Belum lagi soal biaya masuk sekolah nanti. Karena saya juga ibu, saya tahu peningnya mengatur keuangan di keluarga. Beruntung kami sama-sama bekerja. Sehingga bisa ditanggung bersama. Nah, satu anak sudah klir sekolahnya.
Satu lagi waktu itu juga pening memikirkan peringkatnya di sebuah jurusan di SMKN. Maklum, usai mendaftar 3 Juli 2017, peringkatnya geser-geser terus. Saya sampai agak pesimis. Menunggu pengumuman 7 Juli 2017 terasa lama sekali. Sebab hari kedua dan ketiga juga geser terus. Sampai akhirnya bertahan di pèringkat 30 dan final.
Menunggu pengumuman pukul 00.30 WIB adalah rencana semula. Tapi alih-alih bangun, saya malah ketiduran. Jam 01.30 WIB, anak saya membangunkan tidur saya. "Bu, aku diterima. Peringkatnya gak geser," teriak Sasa. Alhamdullilah. Saya kemudian bangun. Ia cerita kalau pas tidur dibangunkan temannya lewat HP jika diterima di SMKN. "Senangnya. Kami bertiga ngumpul lagi satu sekolah," ungkap Sasa.

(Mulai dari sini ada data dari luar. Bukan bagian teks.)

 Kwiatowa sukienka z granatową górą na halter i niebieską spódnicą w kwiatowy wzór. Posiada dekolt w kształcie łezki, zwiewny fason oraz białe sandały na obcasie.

Sedang tiga teman mainnya di sekolah diterima di sekolah negeri yang berbeda. "Wih..enak e rek sing ngumpul sak sekolah," celetuk temannya. Pagi harinya setelah membereskan daftar ulang yang SMP, saya meluncur ke SMKN Sasa. Dia sudah sampai duluan dengan naik angkot. Saya menyusul naik gojek. Sampai di sekolah barunya, dia masih gemetaran karena bisa masuk ke sekolah negeri.
Saya pikir hanya daftar ulang biasa. Ternyata harus bayar SPP bulan Juli dan uang seragam dan ditransfer lewat rekening sekolah. Saya pun ke bank depan sekolah itu. Namun itu belum termasuk uang sumbangan pendidikan. Bahan seragam juga masih harus dijahitkan dulu. Kira-kira masih butuh Rp 500.000 lagi.
Kalau kira-kira hitungan saya nanti benar, masuk awal sekolah negeri dan swasta sama saja. Sedang uang transportnya tentu lebih besar daripada sekolah swasta yang dekat rumah. Tapi karena ia sudah semangat dengan dunia baru ini, saya hanya bilang oke saja. Saya hanya pesan agar ia lebih baik lagi. Dengan bersekolah agak jauh dari rumah, saya jadi ingat masa SMA dulu.
Karena sejak TK sampai SMP dekat rumah, saat masuk SMA, saya izin ibu saya bersekolah agak jauh. Jadi saya harus naik angkot ke sekolah. Namun pada praktiknya, saya lebih suka turun di JL Basuki Rahmad atau separuh jalan sekolah karena saya menjemput sahabat saya dulu.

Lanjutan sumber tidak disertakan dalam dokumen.